I had a funny feeling in my stomach. Like this was the end of our deal. Like Trent felt it was complete. But I didn’t want it to be. It wasn’t over! Not yet. I … didn’t want it to be.
“Can we dance some more?” I said, trying to keep the desperation out of my voice.
He looked at me quizzically. “Sure.”
It was a slow dance, and he took me in his arms and I held on to him super tight. I didn’t want to let go, not ever. All night, he had been so, so incredibly sweet. It was like a fairy tale—but I didn’t want it to be a fairy tale. At the stroke of midnight I didn’t want to have to leave the Ball. I wanted the Ball to go on forever.
Suddenly, I was tapped on the shoulder. I turned with surprise. It was Conner. “Can I cut in for a second?”
I looked up at Trent questioningly. “Sure,” he said, backing away. “I’ll be outside.”
Conner took me in his arms, and it felt different than being with Trent. Not better, but extremely comfortable, like old times.
“I thought you left,” I told him.
“I did. I took Laura home. But I couldn’t get you out of my head.”
It was only now that I realized something. I could smell
alcohol
on him. Conner had been drinking!
Just this Sunday he had stood up on the stand saying how important and special the church was to him, and yet what did he turn around and do tonight? He drank! Realizing that was enough to make me cry. But Conner went on, breaking my heart. “I can’t take this,” he said. “I miss you. I miss us. Laura and I, we’re over. I mean it. It was a mistake, the whole thing. I see that now.”

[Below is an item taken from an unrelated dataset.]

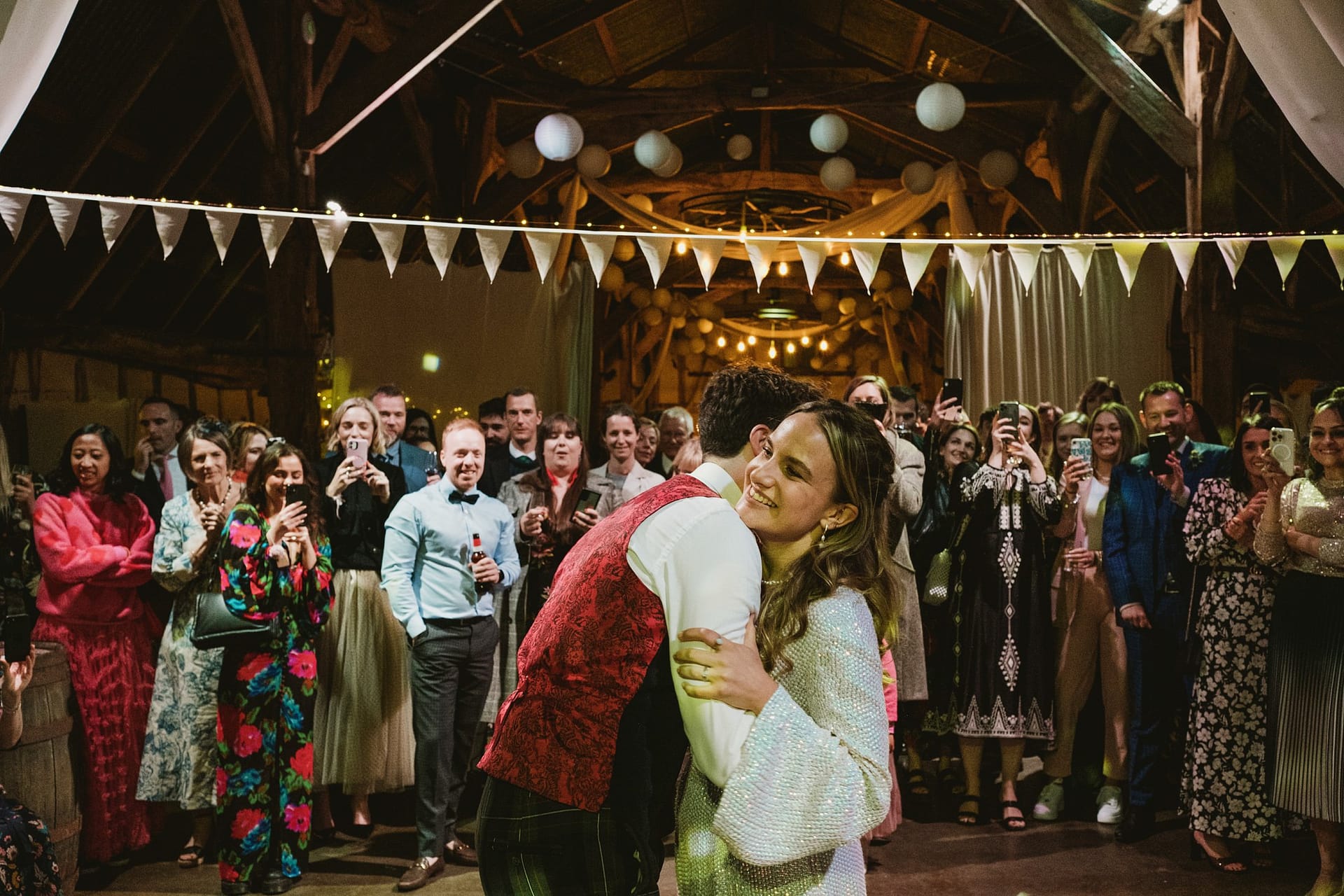 First dance with the bride and groom at Alpheton Barns in Suffolk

It was strange to hear him say this, the exact words I wanted to hear, had desperately longed to hear. But I hadn’t pictured it like this, his spouting it with alcohol on his breath.
Still, even with that, I could have forgiven him. Chucked it up to being under a bad influence. Bad, bad Laura. That seemed to be what he was expecting, telling me how he needed my “guidance” in his life.
No joke, I could have so easily forgiven him, let things go back to the way they were. I was tempted to. Pathetic, but true. Only I kept remembering a conversation we’d had right after our break-up:
“You made everything so complicated,” Conner had said. “I got further with Laura on our first date than I ever did with you, ever.”
He’d said that to me. It had made me feel like he was a stranger. Someone I didn’t know. Someone I didn’t
want
to know.
And this whole time we were apart—his avoiding the church, and drinking, and no longer being able to take the sacrament …
No, things couldn’t go back to the way they were. They couldn’t. Not ever. He had changed—or, rather, he was never what I’d thought. And he had betrayed me. Betrayed my trust. And now he had done things I didn’t even want to know about. Things that made him unworthy to take the sacrament. He wasn’t my Cody any more. Now he was just Conner, a guy I used to date.
Conner’s next words made me blink. “So can I give you a ride home? And we’ll start over?”
I gazed at him as though he’d lost his brain, ’cause really it seemed he had. “No,” I told him. “You can’t take me home. Trent brought me here. Trent will take me home.”
“Megan, you don’t know that guy. He’s just playing games with you. He’s a player. That’s what he does. He gets a girl to fall for him, breaks her heart, then he’s on to another girl.” Conner ran his hands through his hair. “It’s a game.”
I bit my lip. Maybe that was true. I’d seen it happen a lot, girls falling for Trent. Him roaming from girl to girl. But Trent seemed so sincere. Was that part of his act?
“Look,” I said, trying to sound more confident than I actually felt, “this has nothing to do with anything but the dance. I came with Trent and I’m leaving with Trent.”